Insan Film Butuh Kesesuaian Regulasi Daerah dengan Praktik Lapangan

ANTARA FOTO/R Rekotomo
Wisatawan domestik berfoto di lokasi wisata Bukit "Love" Pulau Karimunjawa, Jepara, Jawa Tengah, Rabu (5/4).
Penulis: Dini Hariyanti
21/1/2019, 11.45 WIB

Sineas menginginkan Komisi Film Daerah (KFD) hadir menjembatani berbagai hal terkait produksi film dengan prosedur maupun regulasi pemerintah daerah. Dukungan pemda terhadap pebisnis film kerap sekadar di atas kertas.

Kimo Stamboel, sutradara sekaligus produser, menuturkan bahwa syuting di daerah harus siap berhadapan dengan pungutan-pungutan tertentu. Tak jarang, biaya yang harus dikeluarkan bertolak belakang dengan aturan resmi pemda.

"Kalau bisa, pemda benar menghapus biaya yang keluar di lokasi (syuting), terkait penyewaan atau perizinan. Apalagi kalau lokasinya fasilitas umum. Di Jepang, saya syuting di area publik itu enggak pernah bayar," ucapnya kepada Katadata.co.id, Senin (21/1).

(Baca juga: Prospek Bisnis Film 2019: Saluran Distribusi Digital Kian Mewabah

Pria yang tahun lalu baru menuntaskan produksi film bioskop Dreadout tersebut mengimbuhkan, kepastian antara regulasi dengan praktik di lapangan akan memudahkan proses produksi film. KFD perlu hadir guna menjembatani perihal semacam ini.

"Pemda bisa jamin tidak bahwa (sineas) tak perlu bayar yang tidak perlu, prosedur perizinan harus jelas.

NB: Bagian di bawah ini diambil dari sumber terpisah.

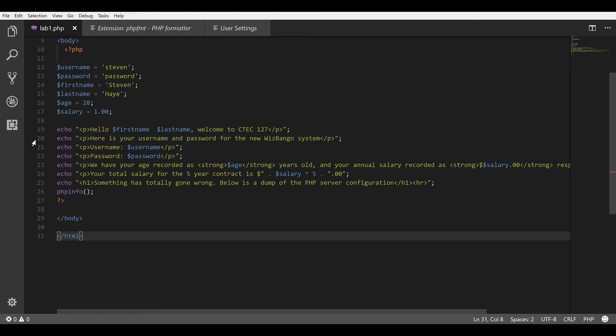This is a tutorial on how to set up an auto-formatter for Visual Studio Code. This extension is called PHP-FMT.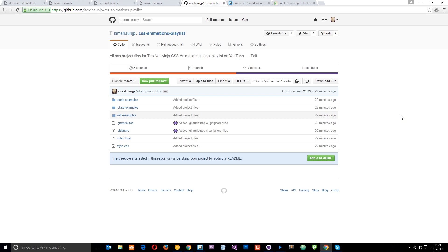Just a couple more things before we get started. The first one is my GitHub page. I've uploaded all the core base files for this playlist to a repository on GitHub. You can come in, download those by clicking the download zip button, and then work along with me through those examples. I'll leave the link to this page down below.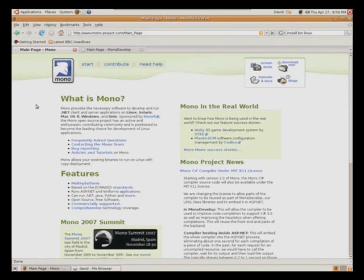The first thing you will need to do is go to the Mono project website and download the install file.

Katanya tidak perlu (bayar) ini itu, tetap saja di lapangan ada yang samper kami untuk bayar," ucap Kimo.

Pemerintah memposisikan KFD sebagai jalur pelayanan terpadu satu pintu untuk berbagai kebutuhan teknis pembuatan film. Lembaga ini juga bakal aktif memasarkan potensi suatu wilayah.

Perfilman diarahkan sebagai salah satu katalisator pengembangan ekonomi kreatif daerah. Berbagai tempat lokasi pembuatan film berpeluang merasakan dampak ekonomi terutama usai proses syuting.

Ketua Umum Asosiasi Produser Film Indonesia (Aprofi) Fauzan Zidni mengutarakan, keputusan memilih tempat syuting merupakan bentuk pilihan kreatif. Sineas mempertimbangkan sejumlah aspek, seperti keekonomian dan kekuatan historis budaya.

"(Usai proses syuting) daerah itu bisa berkembang jadi banyak hal. Pemda seharusnya bisa jeli melihat peluang-peluang ini. Daerah (dukung) bukan justru menambah alur birokrasi lagi," ujarnya secara terpisah. (Baca juga: Kisaran Biaya Produksi Film Berdasarkan Kanal Penayangan)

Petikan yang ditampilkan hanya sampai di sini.